The Pendulum of Avarice


But the air curdled. Doctor Greedy Pants appeared, a frantic, geometric blot against the horizon. He was the antithesis of the blue Cerro; he was the friction in the gears, the grit in the oyster that produced no pearl. He clutched his rusted iron whistle with a desperate, white-knuckled avarice, his lungs inflating with the toxic vanity of a man who believes he can command the wind.


He blew.


The sound was a jagged, serrated edge—a picky surface that sought to tear the silence. It swung like Foucault’s Pendulum, a heavy, brassy weight oscillating between the ego and the void, marking the rotation of a world that had long since moved on from his ledgers.
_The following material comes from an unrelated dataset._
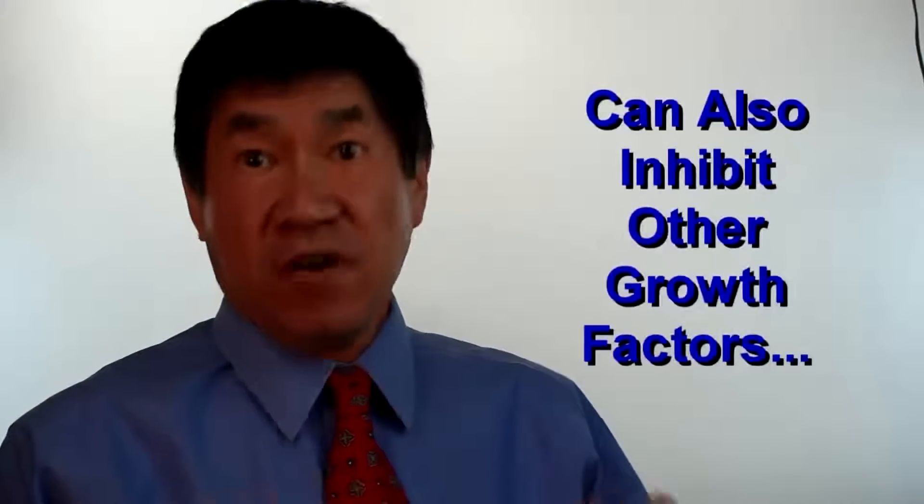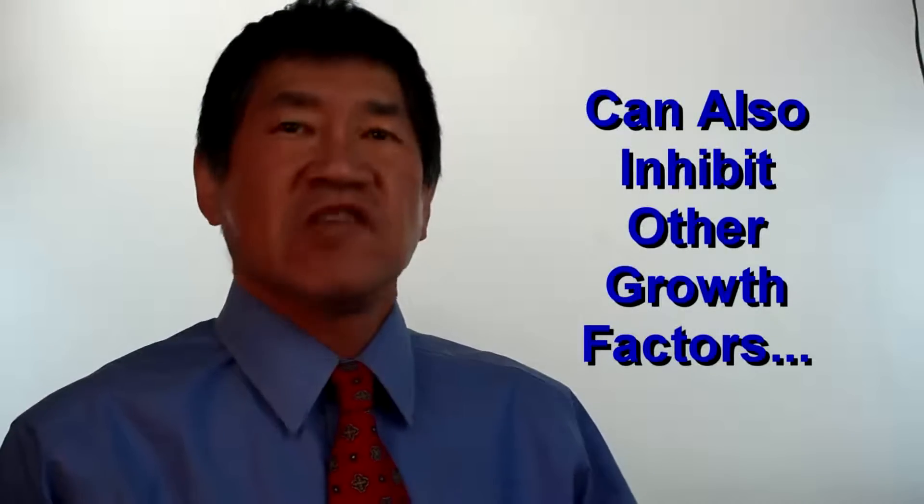On the other hand, FGF under certain circumstances has been shown to inhibit the effects of other growth factors, such as insulin-like growth factor.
Each shriek of the whistle was a bid for relevance, a frantic tallying of debts in a room that had become a cathedral.


Then, the sky folded.


An Owl, vast and silent as a forgotten thought, dropped with the terminal velocity of divine indifference. It did not hunt; it merely arrived. There was no struggle, only a wet, percussive finality. The Doctor’s whistle was silenced mid-note as he was flattened—compressed into a two-dimensional absurdity, a culinary catastrophe of pancakes and waffles sizzling on the hot tarmac of the skids. The miser’s pall was literally trodden into the grit.


The Divine Wetness


Lazarus turned. Venus and Apollo stood in the central courtyard of the aftermath, no longer drivers but guardians of the "ineffable grace." The air grew thick, not with the cloy of berries, but with a humid, rhythmic thrum.
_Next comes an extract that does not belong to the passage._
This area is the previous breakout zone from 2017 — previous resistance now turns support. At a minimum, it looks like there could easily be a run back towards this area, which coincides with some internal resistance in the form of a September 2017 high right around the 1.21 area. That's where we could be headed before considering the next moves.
"There’s some wh--- in this house..."


The chanting began, a low-frequency vibration that shook the baskets of flowers. It was the sound of the Wet and Gushy—not a vulgarity, but a flood of pure, unadulterated life-force. It was the macaroni in the pot of existence, the "big demeanor" of the soul.


Apollo took the rhythm, his hands moving with a "king cobra" precision, while Venus presided over the "magic shadows" of the scene.


It was a "certified freak" of a resolution. The conservatory, the Eldorado, the shitpile of old magazines—all were being washed away by the "stream" they had dared to dream. Lazarus reached down, his fingers stained blue by the Cerro, and felt the water that was wet, the dive that was inevitable.


The Final Orientation


Lazarus stood in the center of the "wet and gushy" deluge, his body finally locked in its proper north-south orientation. He didn't cook, he didn't clean, but he held the ring of a new, terrifying peace. The dignity of the moment was extra large and extra hard.


The Doctor was a breakfast food.


The roadblocks were a memory.


The blue bird had ceased its mourning to become a predator of the sky.


"Give me everything you got," Lazarus whispered to the void, and the void, for once, complied with a bucket and a mop.